Kenyan novelist Ngũgĩ wa Thiong'o published his novel A Grain of Wheat in 1967 while he was studying at Leeds University in England. This novel is set in the village of Thabai in Kenya, during 1963, when Kenya was engaged in a struggle for liberation from British colonial rule. It serves as a microcosm of the Mau Mau Rebellion or Kenyan independence movement, showing on a village level the ethical and personal struggles and dilemmas surrounding the movement.
The central action of the story starts when Kihika visits the village and makes a speech urging the villagers to fight against the British. The carpenter Gikonyo and his beautiful wife Mumbi decide to support the revolutionary cause but Mugo feels that the Kenyans cannot succeed and that they will only harm themselves fighting for a lost cause. Karanja, who still loves Mumbi even though she rejected him to marry Gikonyo, strongly supports the British.

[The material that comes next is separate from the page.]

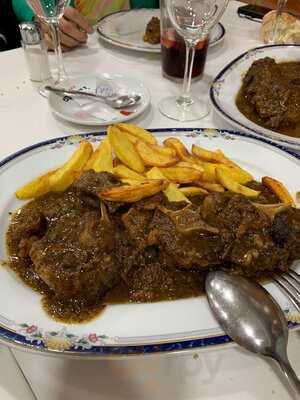 Restaurantes Los Clarines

When Kenyan fighters conduct a successful raid on a British police post, the British send several of the young men of the village to prison camp, including Mugo. Because Mugo feels he was unjustly arrested, he stands up to the British at the camp, and acquires a reputation as a leading revolutionary, even though he is actually ambivalent and passive about British rule in general. After the young men are released, Kihika visits Mugo, but Mugo, fearing for his own life, gives information about Kihika to the British, and the British hang Kihika in retaliation for his having killed District Officer Robson.
After independence, the villagers believe that Karanja, who worked for the British as a village administrator, was the person who betrayed Kihika, but Mugo eventually publicly confesses his own guilt and is executed.